Proteins surrounding organs and tissues switch off natural killer cells’ “killer” function, study finds

Natural killer (NK) cells, which are part of the body’s innate, or first-line, immune response, interact with tumor cells, viral infections, and solid organ transplants, according to a new study. The findings, which were found by researchers at Massachusetts General Hospital (MGH) and published in Science Advances, might be utilized to help protect patients from cancer, invading infections, autoimmunity, inflammatory diseases, and transplant rejection.

Research reveals how to boost natural killer cells target against cancer
New research from Massachusetts General Hospital explains how natural killer (Nk) cells’ interactions with extracellular matrix proteins regulate their function in solid organs, findings that could yield major therapeutic implications for cancer, viral infection, autoimmunity, and other inflammatory diseases. Here, Nk cells (green) are embedded in the collagen (red) rich matrix of the skin, which inhibits them from directly killing the epidermal keratinocytes (yellow). Image Credit: Maulik Vyas, PhD.

NK cells can successfully destroy target cells in the blood, but not diseased or malignant cells in tissues and organs such as the skin, gastrointestinal system, pancreas, or breast.

This profound lack of NK cell killing function in solid organs has perplexed the field of NK cell biology for the last 60 years.”

Shawn Demehri, MD, PhD, Principal Investigator and Cancer Immunologist, Massachusetts General Hospital

Demehri is also a Dermatologist in the Center for Cancer Immunology and Cutaneous Biology Research Center.

In recent years, Demehri’s research has revealed a fresh reason for why NK cells in solid organs lose their capacity to destroy target cells: Organs are made up of cells that are embedded in a thick extracellular matrix (ECM), which is a complex protein matrix that serves as a scaffold to keep organ shape and integrity.

When NK cells depart blood arteries and enter solid organs, interactions with ECM proteins cause an abrupt transformation in NK cell activity from killer to helper cell. NK cells generate chemicals that activate and assist surrounding immune cells as helper cells.

The fast killer reaction of NK cells in the blood and the delayed helper response of NK cells in tissues and organs, according to Demehri and his colleagues, can be explained by an adaptive selection pressure to extend human longevity.

Infection of the blood requires immediate control by NK cells to ensure host survival; however, the suppression of a direct killer function of NK cells in the peripheral tissues may prevent over-reaction to localized insults, which could predispose the patient to excessive tissue damage and the development of chronic inflammation.”

Shawn Demehri, MD, PhD, Principal Investigator and Cancer Immunologist, Massachusetts General Hospital

Demehri added, “Meanwhile, a helper function for the development of an overall more targeted, appropriately strong adaptive immune response may be best suited to combat viral infections in peripheral tissues.”

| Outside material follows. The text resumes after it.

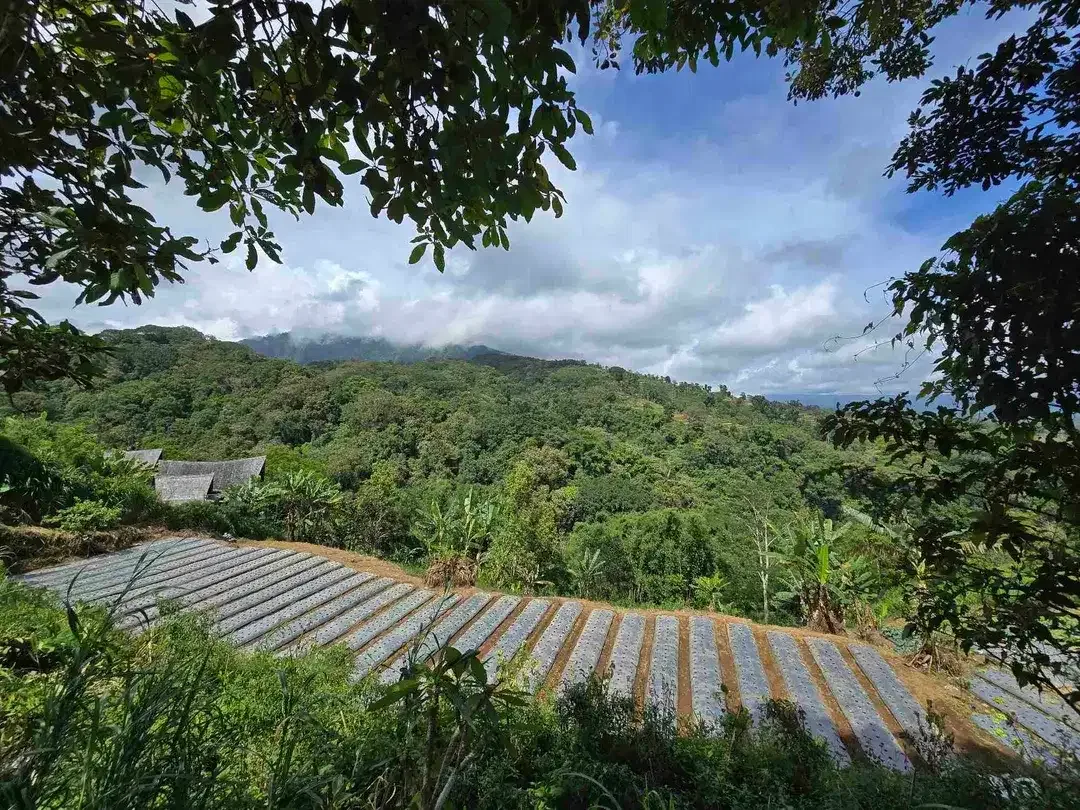 Dijual tanah view istimewa exotik lembah dan gunung di bedugul bali - Image 5 of 10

Collagens and elastin—major ECM proteins present in solid organs—were identified as critical regulators of NK cell activity in tissues and malignancies in this new study including skin transplant and mouse melanoma models.

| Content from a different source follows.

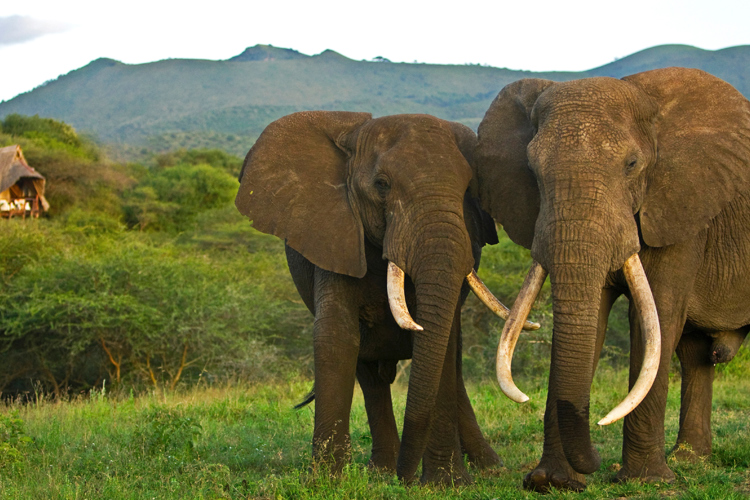 OI Donyo Lodge (26)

Our fundamental discovery of how NK cells are regulated in peripheral tissues has wide-ranging implications for patients with various health conditions. Strategies to modulate NK cell–ECM interplay in organs can provide novel therapies to combat solid cancers, viral infections, inflammatory conditions, autoimmune diseases, and fibrosis, and to improve organ transplantation.”

Maulik Vyas, PhD, Study Co-Author and Postdoctoral Fellow, Center for Cancer Immunology, Massachusetts General Hospital

For the first time, the researchers demonstrated that losartan, a routinely used blood pressure medication, may induce a formerly resistant melanoma to become susceptible to NK cell death by preventing collagen formation in the tumor. Collagen is prominent in solid tumors, such as breast and pancreatic malignancies, making this discovery relevant.

Vyas noted, “Our data strongly support the concept of blocking collagen–NK cell interactions in combination with current immunotherapies for optimal treatment of solid cancers.”

And our findings provide a strong rationale for future research to fully understand how ECM proteins regulate NK and other immune cell responses in health and disease. This will greatly expand the development of future therapies that exploit the interactions between ECM proteins and the immune system in the treatment of a large variety of diseases,” Vyas concluded.

Journal reference:

Bunting, M. D., et al. (2022) Extracellular matrix proteins regulate NK cell function in peripheral tissues. Science Advances.


The opinions expressed here are the views of the writer and do not necessarily reflect the views and opinions of AZoLifeSciences.